* **Data for this task**

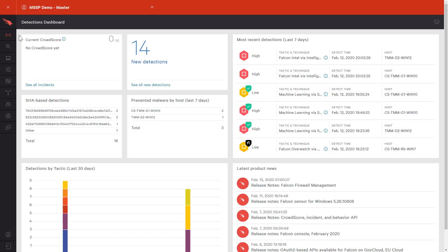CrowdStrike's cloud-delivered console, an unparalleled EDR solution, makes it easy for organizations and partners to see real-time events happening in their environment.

--

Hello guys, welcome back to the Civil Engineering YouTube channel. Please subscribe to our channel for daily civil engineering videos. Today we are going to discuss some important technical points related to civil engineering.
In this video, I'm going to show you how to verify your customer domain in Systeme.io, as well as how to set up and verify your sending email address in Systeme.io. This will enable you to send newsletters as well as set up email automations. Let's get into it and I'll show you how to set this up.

* * *

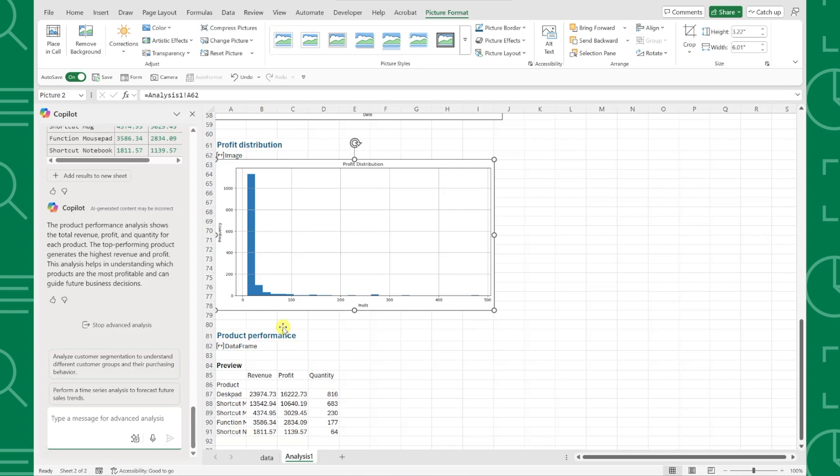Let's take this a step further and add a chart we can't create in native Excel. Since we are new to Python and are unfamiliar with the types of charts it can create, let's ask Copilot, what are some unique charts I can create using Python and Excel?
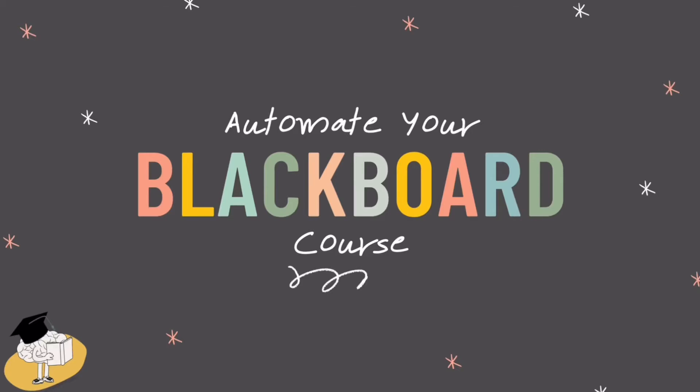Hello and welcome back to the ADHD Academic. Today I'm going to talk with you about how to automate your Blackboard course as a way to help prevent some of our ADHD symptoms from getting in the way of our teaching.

* **Work required**
Starting at the line with "Hello guys, welcome" and ending at the line with "In this video, I'm", print each line of the listing above exactly, with no other lines.

* **Response for this exercise**
Hello guys, welcome back to the Civil Engineering YouTube channel. Please subscribe to our channel for daily civil engineering videos. Today we are going to discuss some important technical points related to civil engineering.
In this video, I'm going to show you how to verify your customer domain in Systeme.io, as well as how to set up and verify your sending email address in Systeme.io. This will enable you to send newsletters as well as set up email automations. Let's get into it and I'll show you how to set this up.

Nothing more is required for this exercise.